_Exercise requirements_: In the entries below, find the line with "Retro Springsteen Music T-Shirt", then set it down exactly along with each line after it to the end, skipping any pictures.

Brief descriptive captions

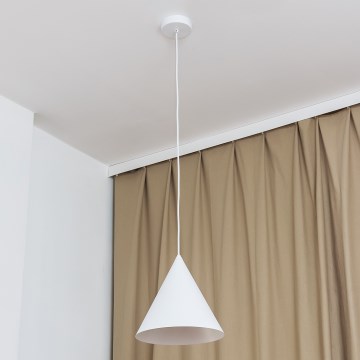 Pakabinamas šviestuvas su laidu ETNA II 1xE27/15W/230V Ø 25 cm, baltas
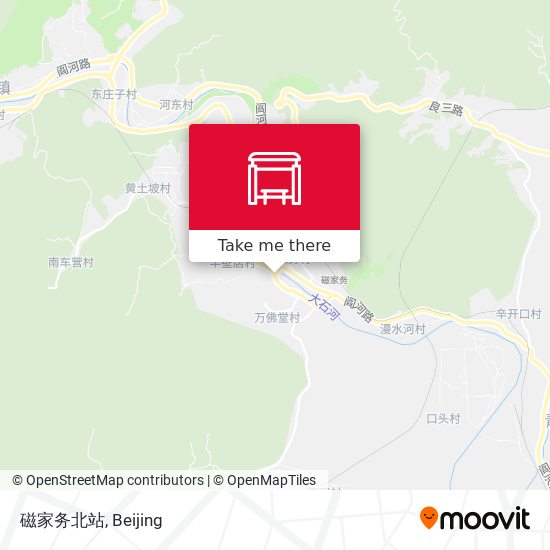 磁家务北站 map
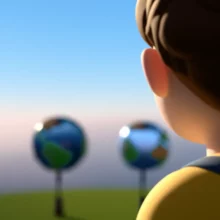 안경을-쓰고-흐릿한-세상이-선명하게-변하는-것을-깨닫고-놀라는-3D-사람의-모습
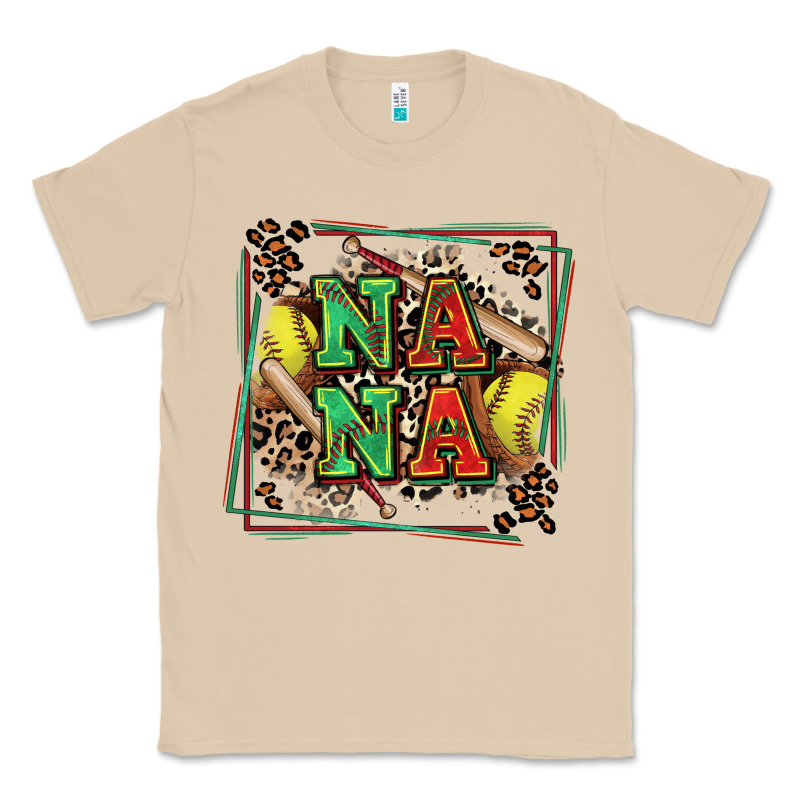 Softball Nana With Leopard Classic Tee by Zillion Design Studio | Teevron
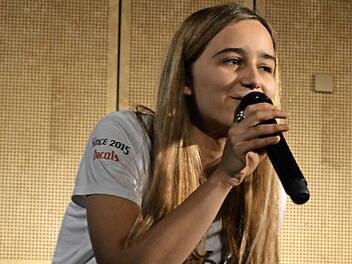 Überzeugte mit ihrer rockigen Stimme: Luca Rihm von "Jukebox" Foto: Bjrön Hein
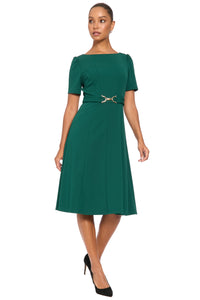 Quill Side Tab Dress with Buckle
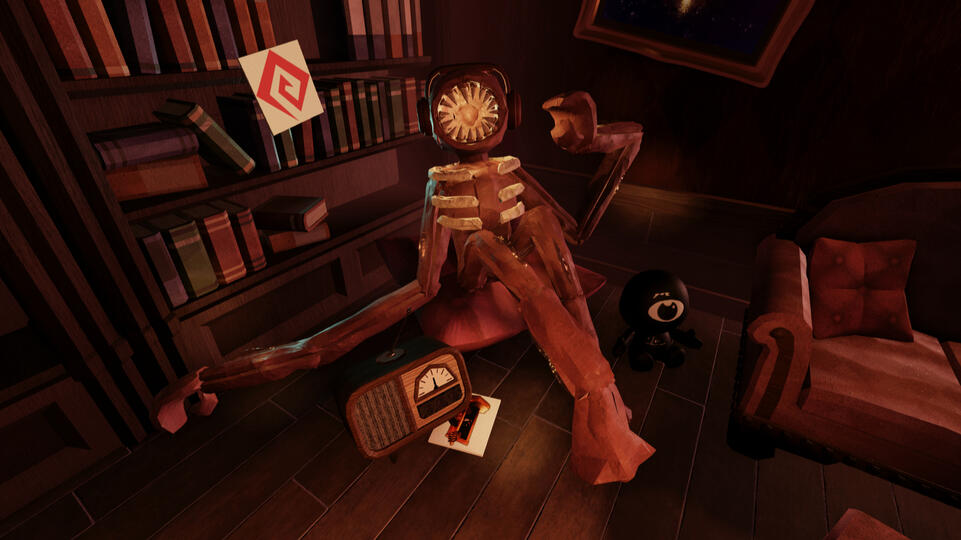 Figure listening to music! Mainly just made this for a playlist cover!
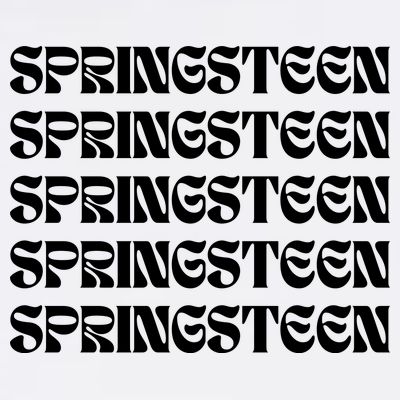 Retro Springsteen Music T-Shirt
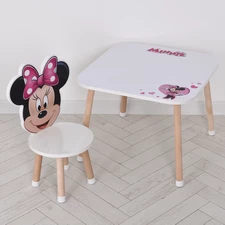 Столик со стульчиком M 502-8-1 деревянный, Минни Маус фото 37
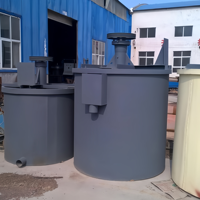 Cuve d'agitation robuste pour l'exploitation minière, capacité 5/8/10 m³, moteur pour mélange solide-liquide, marque Ascend, certifiée ISO CE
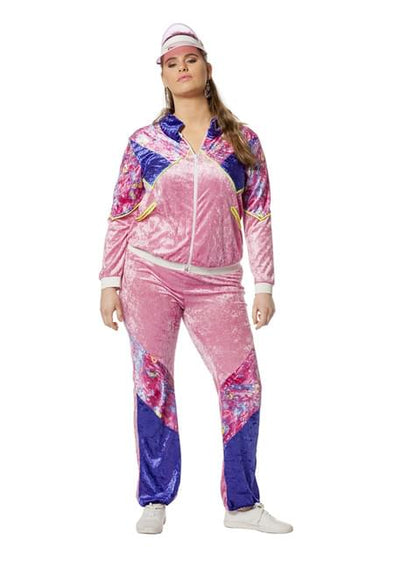Disfraz chándal de los 80’s azul para mujer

_Your response_:
 Retro Springsteen Music T-Shirt
 Столик со стульчиком M 502-8-1 деревянный, Минни Маус фото 37
 Cuve d'agitation robuste pour l'exploitation minière, capacité 5/8/10 m³, moteur pour mélange solide-liquide, marque Ascend, certifiée ISO CE
Disfraz chándal de los 80’s azul para mujer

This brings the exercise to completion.